Thaw: How We Made a Cold Start Take 164ms
Every scale-to-zero platform makes the same trade. Scale to zero and you pay nothing while idle — but the next request eats a cold start. The whole game for a decade has been: how do you avoid making the user wait while a machine starts up?
Vercel's Fluid compute is the most polished answer on the avoid-the-cold-start side. Per their docs, it reduces cold starts through bytecode caching and function pre-warming on production, and it shares a single instance across concurrent invocations — reusing idle resources before scaling up. It bills active CPU (the time your code is executing) plus provisioned memory. Fluid doesn't make a cold start fast so much as arrange for you to rarely hit one. That's a genuinely good product decision, and for a lot of workloads it's the right one. (I'm describing it from Vercel's public docs — verify against theirs, they move fast.)
We wanted the other thing. Actually zero — the sandbox deleted, nothing left to run or bill while idle — and a cold start fast enough that you stop caring it happened. This post is how we got a real, deployed app to wake from a complete stop in about 164 milliseconds. We call it Thaw.
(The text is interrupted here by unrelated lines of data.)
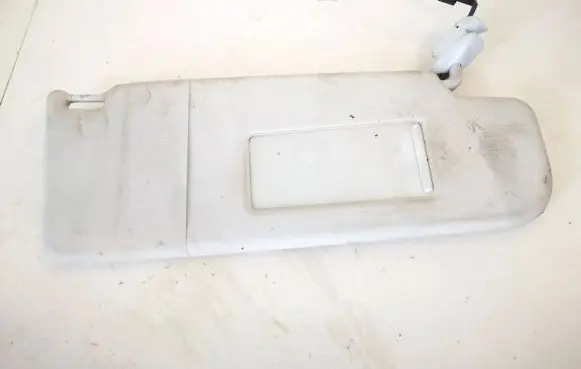 Sun visor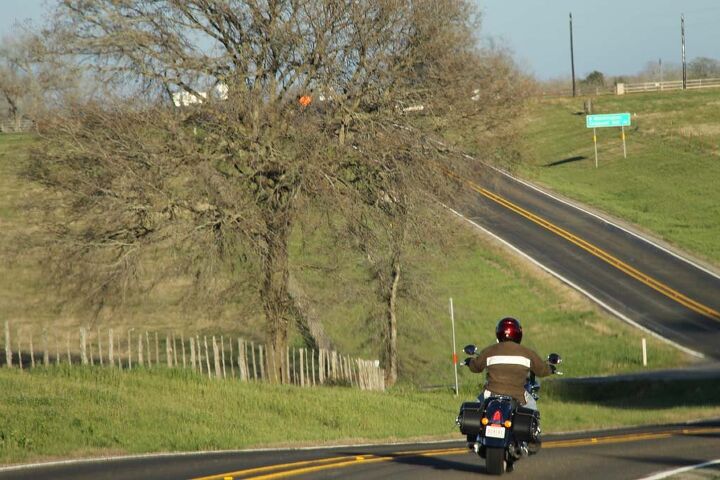 042214-2014-indian-chief-classic-winding-road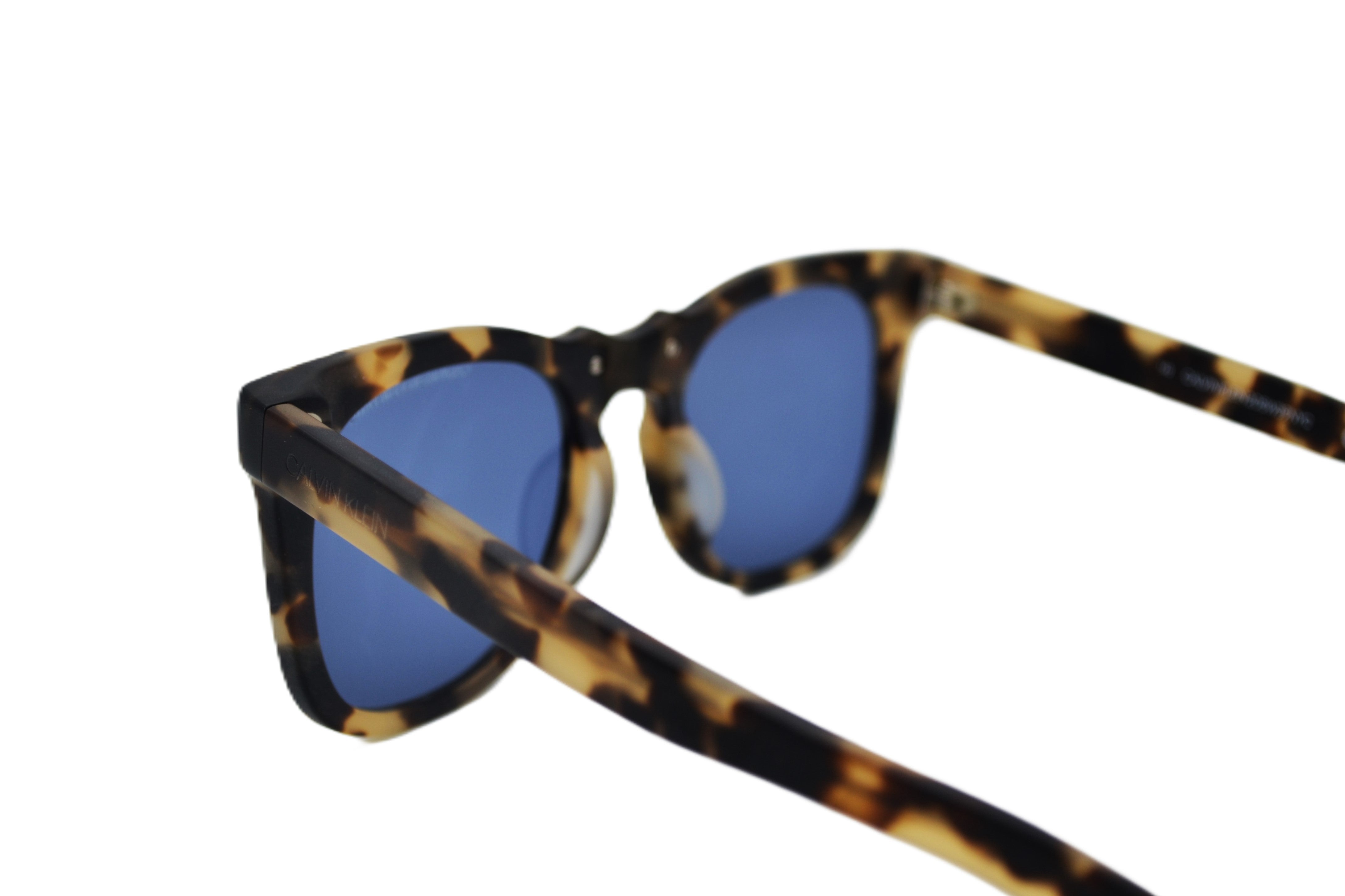 Gafas de sol CALVIN KLEIN 205W39NYC - CKNYC1850S 244 Diseño de acetato unisex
Start with the two honest numbers
Before Thaw, a scaled-to-zero app on PandaStack woke by cold-booting. We delete the whole sandbox when an app goes idle — CPU, RAM, and disk all freed, nothing left running — and on the next request we boot a fresh microVM from the app's baked disk image, pulled from object storage. That's true scale-to-zero, and it's honest: $0 while idle. But the wake was about 54 seconds. Break it down and most of it is unavoidable with a cold boot: roughly 26s to pull the multi-gigabyte image, ~8s for the kernel and init, then ~20s for the app process to start and bind its port.
The other number we already had was 64 milliseconds. That's how long it takes us to restore a baked Firecracker snapshot for a base template — the same snapshot-restore path that gives our sandboxes a 179ms p50 create with no warm pool. A snapshot restore isn't a boot. The kernel is already up, init has already run, the process is already in memory. You're mapping a frozen machine back into existence, not building one.
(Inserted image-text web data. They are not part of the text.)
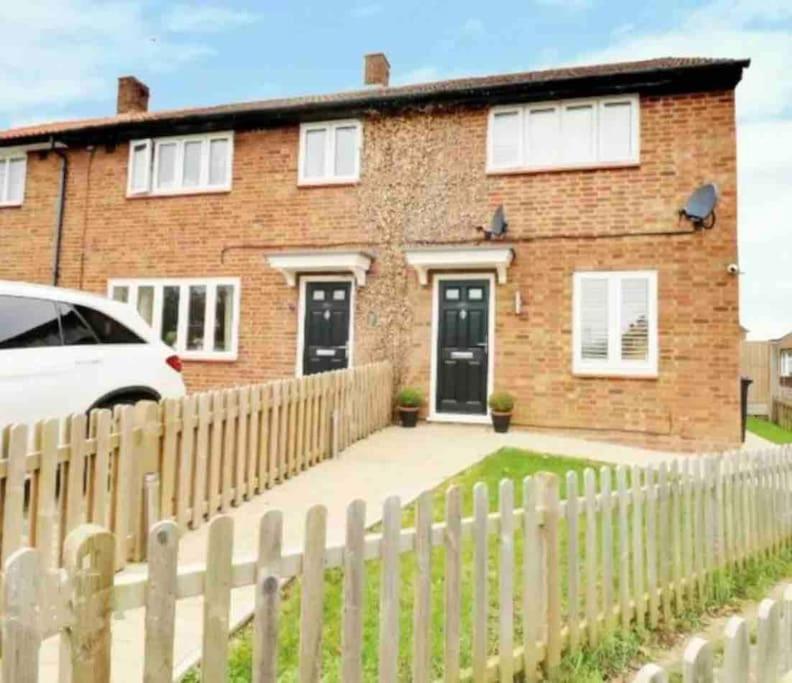 Recently Renovated,Modern House. Train Station Villa North Mymms Exterior photo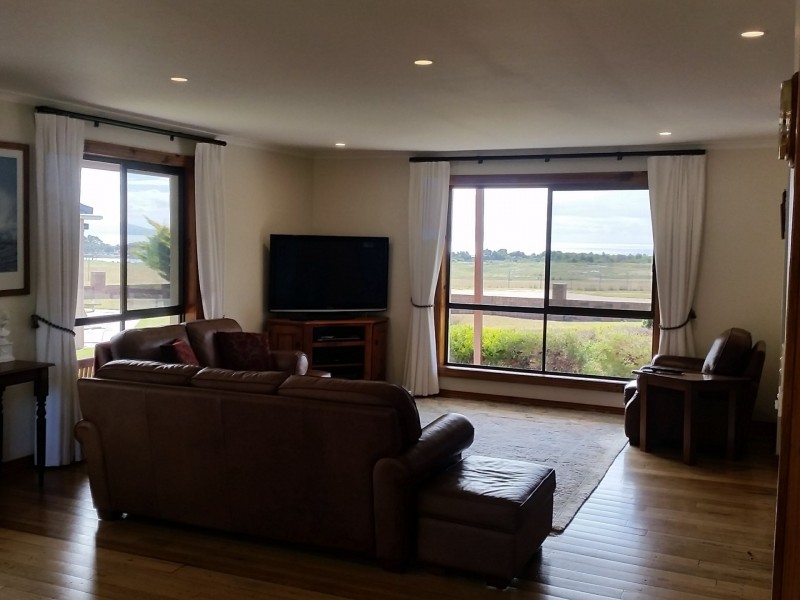 21506 Tasman Highway, Four Mile Creek TAS 7215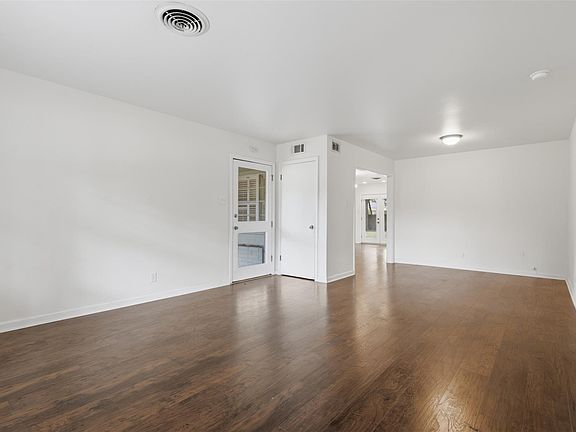 2nd image of 5206 Carew St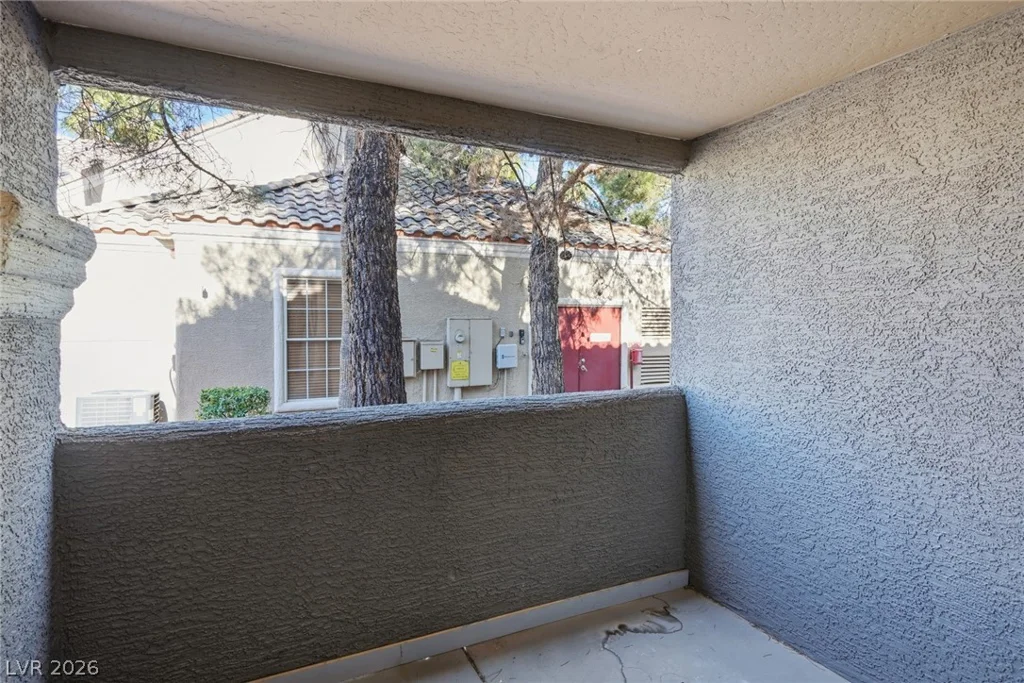 5055 Hacienda, Las Vegas, NV 89118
So the question wrote itself. App wake was 54 seconds because it was a boot. Snapshot restore was 64 milliseconds because it wasn't. What would it take to make app wake a restore?
Why apps couldn't just use snapshots already
Because we'd been burned by exactly this, and the scar tissue was load-bearing. Earlier in PandaStack's life an app's deploy did capture a memory snapshot — and it caused a genuinely nasty incident. The app would sleep, wake, serve perfectly for the smoke test, and then start throwing filesystem I/O errors hours later. The cause was subtle and worth stating precisely, because it's the whole reason Thaw is designed the way it is.
A Firecracker memory snapshot captures RAM and CPU state — and RAM includes the kernel's page cache, the in-memory copy of disk blocks the guest has touched. The snapshot recorded a pointer to the rootfs, not its bytes. Sleep then deleted that rootfs. On wake we restored the frozen page cache over a blank template disk. For a while everything served from RAM and looked fine. The instant the guest had to read a block that wasn't cached — or write one back — it hit a disk that no longer matched what memory believed was there. ext4 errors, 500s, hours after a green smoke test.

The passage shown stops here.